Breach, the new film by Billy Ray (Shattered Glass) tells this remarkable story of how Hanssen was eventually exposed and how the F.B.I. worked over the final two months of his employment at the agency to try and infiltrate his circle and make a case using all their available resources at the highest level of the bureau.

Chris Cooper (Adaptation) plays Hanssen. He is a church going family man that at first hardly mirrors the monster that the agency is determined to expose. Ryan Phillippe (Crash) plays Eric O'Neill, an agent wannabe that is assigned to work as Henssen's clerk in an attempt to follow, document and spy on his move in an attempt to help the F.B.I. build their case. Their relationship for two months will lead to the downfall of Hanssen's operations and would leave a black mark on the government agencies in a year that presented its own problems by September 11th.

When we first meet O'Neill, he is a hard working computer and surveillance wiz. Married to a beautiful wife (Caroline Dhavernas) Eric has all the hopes and ambitions of working his way up the corporate ladder to become an F.B.I. field agent. So when the Bureau's Kate Borroughs recruits O'Neill to work for and report all activities of Hanssen, Eric is quick to realize the opportunity and accepts the position as Hanssen's clerk.

Eric is informed that Hanssen is nothing more than a sexual deviant that if revealed, would bring great embarrassment to the Agency. He is told of Hanssen's penchant for strippers, women and web sites depicting sexual acts and behavior and his role is based unconditionally on surveillance furthering this information.

But as Eric is dragged deeper and deeper into Hanssen's personal and professional life, he can hardly confirm his superior's suggestions.
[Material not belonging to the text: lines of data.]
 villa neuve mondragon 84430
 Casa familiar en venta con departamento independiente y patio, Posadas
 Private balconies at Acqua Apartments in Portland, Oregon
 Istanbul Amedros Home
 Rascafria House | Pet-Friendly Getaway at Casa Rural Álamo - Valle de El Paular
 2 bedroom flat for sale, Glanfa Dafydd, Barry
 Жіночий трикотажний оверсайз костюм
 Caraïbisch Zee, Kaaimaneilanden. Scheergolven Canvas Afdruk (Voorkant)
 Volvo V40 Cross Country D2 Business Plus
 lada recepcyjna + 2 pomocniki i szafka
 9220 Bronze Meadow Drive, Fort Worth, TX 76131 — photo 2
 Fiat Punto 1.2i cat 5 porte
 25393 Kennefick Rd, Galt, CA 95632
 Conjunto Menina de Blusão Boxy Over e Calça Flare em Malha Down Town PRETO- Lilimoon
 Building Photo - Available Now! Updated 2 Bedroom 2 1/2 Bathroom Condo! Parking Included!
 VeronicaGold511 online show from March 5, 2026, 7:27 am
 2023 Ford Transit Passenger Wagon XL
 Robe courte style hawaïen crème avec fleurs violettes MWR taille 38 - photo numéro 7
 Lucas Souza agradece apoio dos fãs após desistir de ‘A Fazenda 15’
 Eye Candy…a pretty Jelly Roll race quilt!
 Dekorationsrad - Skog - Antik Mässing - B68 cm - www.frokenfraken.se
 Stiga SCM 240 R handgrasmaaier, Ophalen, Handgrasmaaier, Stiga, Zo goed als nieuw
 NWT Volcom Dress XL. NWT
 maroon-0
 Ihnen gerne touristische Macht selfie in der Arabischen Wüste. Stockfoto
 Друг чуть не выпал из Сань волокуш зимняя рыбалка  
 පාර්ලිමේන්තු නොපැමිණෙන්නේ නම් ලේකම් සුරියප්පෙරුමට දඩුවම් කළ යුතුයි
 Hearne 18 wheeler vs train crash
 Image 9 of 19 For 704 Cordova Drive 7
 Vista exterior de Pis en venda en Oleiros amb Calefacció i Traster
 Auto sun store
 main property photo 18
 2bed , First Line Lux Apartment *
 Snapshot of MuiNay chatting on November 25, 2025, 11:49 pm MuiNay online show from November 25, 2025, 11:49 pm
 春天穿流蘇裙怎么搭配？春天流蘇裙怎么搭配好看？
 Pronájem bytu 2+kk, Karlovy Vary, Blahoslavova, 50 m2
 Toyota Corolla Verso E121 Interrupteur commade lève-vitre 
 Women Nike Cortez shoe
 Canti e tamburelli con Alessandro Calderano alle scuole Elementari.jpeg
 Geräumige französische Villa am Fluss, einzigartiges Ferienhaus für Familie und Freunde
Hanssen became a mentor. He was a highly intellectual individual that had strong Catholic beliefs and a wife and family to which he adored. This brings O'Neill to question agent Borroughs as to exactly why the agency is investing so much energy and time into a man that revealed himself to be more the perfect neighbor rather than the someone worthy of such high level agency attention.

This brings Borroughs to her only recourse – informing O'Neill that Hanssen is everything they claim him to be and more. He is someone who has sold secrets to the enemy and jeopardized the safety and security of the American people and their allies.

With this new information in tow, O'Neill continues with his surveillance with new found ambition and cooperates in luring Hanssen into a trust that will eventually lead to his arrest.

Breach is one of those rare spy movies that is almost perfect. The characters are all crisp and well developed and the story, inspired by real events, is a screenwriters dream. Imagine being handed the reins to a film about people whose lives - in ways that we might never fully realize the complete impact - shaped the future of a country by exposing how one man could have access and be trusted with the most confidential of information.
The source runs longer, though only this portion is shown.